Both of which were related to the Hollywood film/tv industry (yes, including Spahn Ranch).
by Anonymous | reply 44 | September 1, 2024 11:33 PM |
Rewatching this now. Sydney Sweeney is in this!
by Anonymous | reply 45 | September 3, 2024 10:55 PM |
Who R45? Was that the little girl in the western?
by Anonymous | reply 46 | September 4, 2024 10:41 AM |
R45 - She played Shelley Winters eating a bowl of spaghetti in the background.

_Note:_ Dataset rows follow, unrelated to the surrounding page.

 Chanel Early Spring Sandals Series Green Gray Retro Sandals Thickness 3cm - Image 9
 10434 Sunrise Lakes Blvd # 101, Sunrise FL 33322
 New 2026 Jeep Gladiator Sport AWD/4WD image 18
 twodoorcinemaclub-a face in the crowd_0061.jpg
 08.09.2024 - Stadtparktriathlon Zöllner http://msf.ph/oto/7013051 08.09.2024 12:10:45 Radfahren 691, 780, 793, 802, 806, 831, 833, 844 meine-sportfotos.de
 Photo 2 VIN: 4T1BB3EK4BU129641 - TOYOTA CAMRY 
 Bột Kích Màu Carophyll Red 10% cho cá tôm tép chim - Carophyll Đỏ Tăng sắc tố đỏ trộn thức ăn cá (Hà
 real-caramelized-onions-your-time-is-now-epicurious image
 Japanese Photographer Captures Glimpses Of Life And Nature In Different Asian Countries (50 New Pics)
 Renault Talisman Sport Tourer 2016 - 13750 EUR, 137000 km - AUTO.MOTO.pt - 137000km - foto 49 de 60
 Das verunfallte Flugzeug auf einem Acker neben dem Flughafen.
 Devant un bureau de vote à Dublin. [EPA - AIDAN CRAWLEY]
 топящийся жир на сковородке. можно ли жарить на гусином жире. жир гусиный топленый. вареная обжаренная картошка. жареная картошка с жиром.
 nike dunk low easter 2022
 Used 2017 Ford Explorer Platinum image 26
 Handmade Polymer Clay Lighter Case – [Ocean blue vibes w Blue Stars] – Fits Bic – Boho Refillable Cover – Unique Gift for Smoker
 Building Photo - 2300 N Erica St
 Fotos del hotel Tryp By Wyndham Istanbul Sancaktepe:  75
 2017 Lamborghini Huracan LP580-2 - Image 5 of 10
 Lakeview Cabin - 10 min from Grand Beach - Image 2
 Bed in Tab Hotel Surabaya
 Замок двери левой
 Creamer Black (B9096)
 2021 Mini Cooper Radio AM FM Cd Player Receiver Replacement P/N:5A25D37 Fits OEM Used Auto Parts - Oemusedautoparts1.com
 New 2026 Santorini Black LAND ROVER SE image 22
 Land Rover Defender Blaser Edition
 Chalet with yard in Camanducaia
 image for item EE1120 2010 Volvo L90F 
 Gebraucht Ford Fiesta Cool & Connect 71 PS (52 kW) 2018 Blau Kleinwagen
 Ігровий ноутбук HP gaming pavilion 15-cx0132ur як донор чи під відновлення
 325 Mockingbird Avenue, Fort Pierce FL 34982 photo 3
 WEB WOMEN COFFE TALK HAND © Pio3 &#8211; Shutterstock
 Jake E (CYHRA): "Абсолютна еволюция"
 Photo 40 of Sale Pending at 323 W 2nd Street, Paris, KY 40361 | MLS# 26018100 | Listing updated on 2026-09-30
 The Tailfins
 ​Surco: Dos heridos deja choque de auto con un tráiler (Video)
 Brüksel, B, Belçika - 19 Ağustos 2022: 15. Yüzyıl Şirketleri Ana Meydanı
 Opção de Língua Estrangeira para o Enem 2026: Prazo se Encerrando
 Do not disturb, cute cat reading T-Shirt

by Anonymous | reply 47 | September 4, 2024 2:57 PM |
Having rewatched this now, Tarantino achieves an incredible duality in the final sequence. Even though I know what he’s going to do, I still feel this tremendous amount of dread and sadness as it plays out. It’s almost like a controlled, contained response to the real events as his scripted rendering plays out. And it’s so brutal - the brutality in the film is in relation to the real life savagery. Tarantino has no sympathy for the Manson family at all. I did wonder where Leslie Van Houton was, why she’s not named, since he identifies Tex Watson. It’s definitely a cinematic karmic comeuppance.
Mikey Madison’s character gets the worst of it and even seems to be calling back to the opening scene of Jaws once she’s in the swimming pool. It’s incredibly brutal but we feel nothing for these characters. They’re pathetic.
The rest of the film is amazing - how great is Al Pacino in that opening scene! It’s so incredibly cast - with major talent and legendary talents and new talents that in no time, a few years, emerge as major talents in their own right. And his gang.
He just nails the 1960s entertainment landscape so well - just nails it. I love the scene when all the neon lights up.
This pairs really well with Licorice Pizza. :)
by Anonymous | reply 48 | September 4, 2024 6:08 PM |
I didn’t really care about the Rick Dalton character. And I didn’t like Tarantino’s use of Bruce Lee.
by Anonymous | reply 49 | September 4, 2024 8:28 PM |
I saw it at a matinee with mostly elderly people and they burst out laughing at the flamethrower scene. I will say that Emile Hirsh was unrecognizable (in a good way). Tarantino actually made him look cute for a change.
by Anonymous | reply 50 | September 4, 2024 8:45 PM |
R32 nailed my reaction too. I was enjoying the movie but began to dread the Sharon Tate ending - so I'm glad it went in a different direction. So no OP, I don't wish. I think the movie is fine as it is.